1. Verkoper staat in voor en garandeert de juistheid en volledigheid van de Overnamebalans per een en dertig december tweeduizend acht (31-12-2008), hierna te noemen:de Overnamebalans, welke balans nog opgesteld zal worden op basis van de door verkoper op te stellen jaarrekening over het jaar tweeduizend acht (2008).
Voor vaststelling zal deze aan koper ter hand worden gesteld, waarna koper de concept-overnamebalans kan beoordelen op juistheid en volledigheid. Hierbij wordt tevens vastgesteld welke projecten onderhanden zijn, de status van realisatie van desbetreffende projecten en ten aanzien van welke projecten eventueel een claim te verwachten is, gespecificeerd naar de grondslag van de claim, zodat bepaald kan worden of een eventuele claim voortkomt uit activiteiten voor een januari tweeduizend negen (01-01-2009).
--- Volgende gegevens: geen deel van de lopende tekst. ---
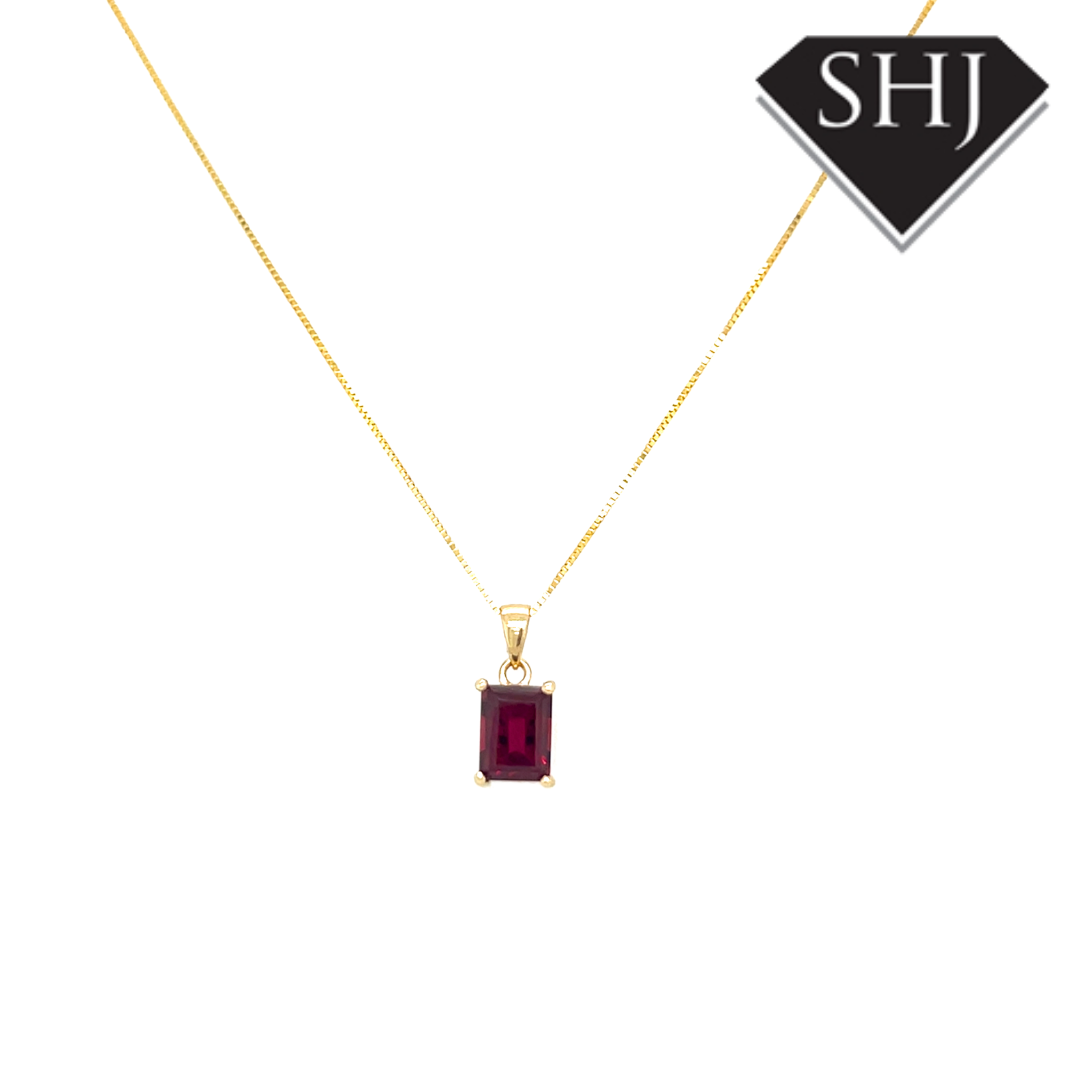 9ct Yellow Gold Garnet Pendant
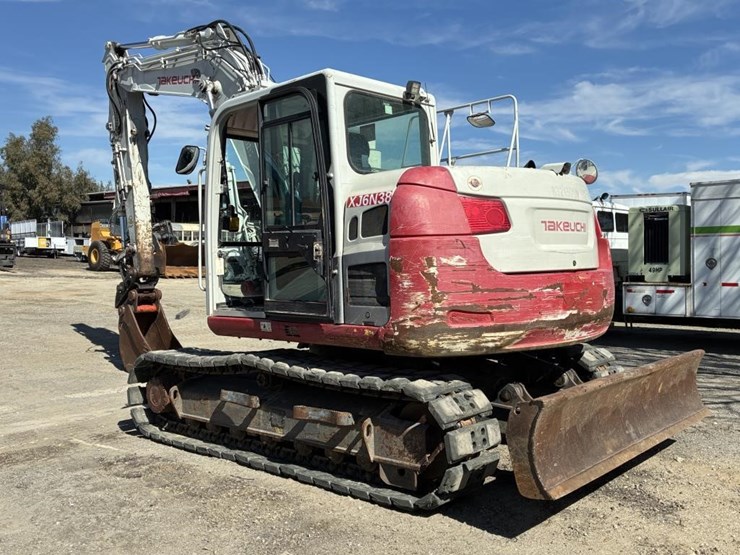 2017-takeuchi-tb2150-image-4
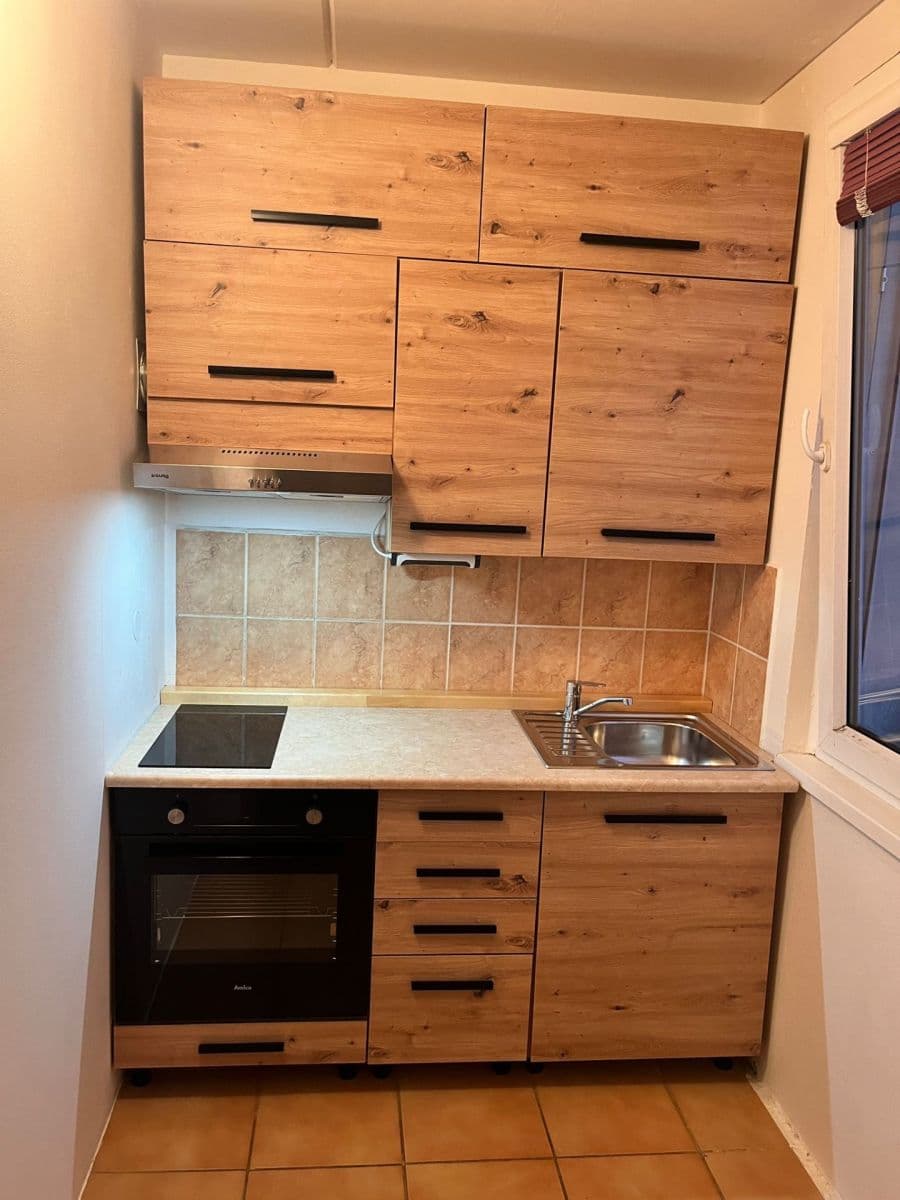 Pronájem bytu 1+kk 30 m², Krynická, Praha, Praha Pronájem bytu 1+kk 30 m², Krynická, Praha, Praha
Na overeenstemming tussen Verkoper en Koper wordt de overnamebalans definitief vastgesteld, waarna Koper de juistheid en volledigheid van de overnamebalans niet meer kan betwisten.
Gelet op de aan deze akte gehechte balans van ultimo tweeduizend zeven en de afspraken gemaakt in gemelde koopovereenkomst de dato elf juli tweeduizend acht (11-07-2008), zal het eigen vermogen van de Vennootschap op de Overnamebalans exact achttien duizend euro (€ 18.000,00) bedragen. (hof: dit gegarandeerde eigen vermogen is in de aanvullende overeenkomst verhoogd tot € 35.000,- inclusief stille reserves op de materiële vaste activa.)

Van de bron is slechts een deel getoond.